Given information »
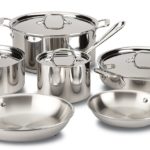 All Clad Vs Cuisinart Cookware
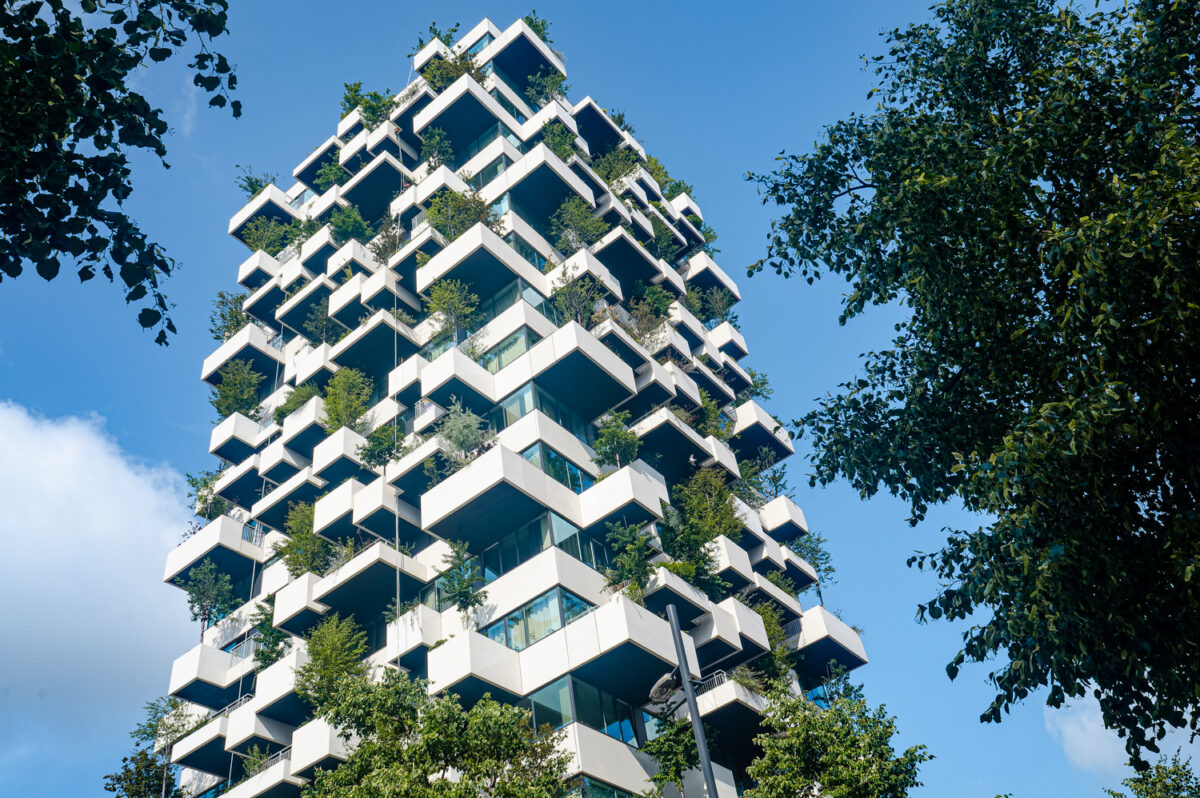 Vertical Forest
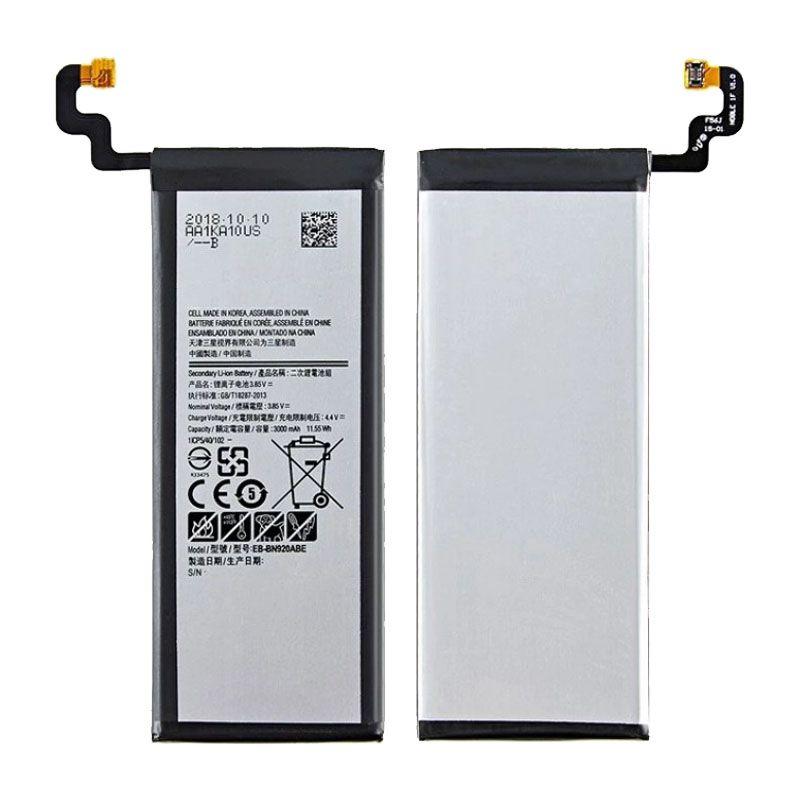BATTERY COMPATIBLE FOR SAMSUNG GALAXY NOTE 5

Prompt »
Pictures must be left out. Repeat exactly the lines from the one containing "Vertical Forest" through the final line of the data.

Finished task »
 Vertical Forest
BATTERY COMPATIBLE FOR SAMSUNG GALAXY NOTE 5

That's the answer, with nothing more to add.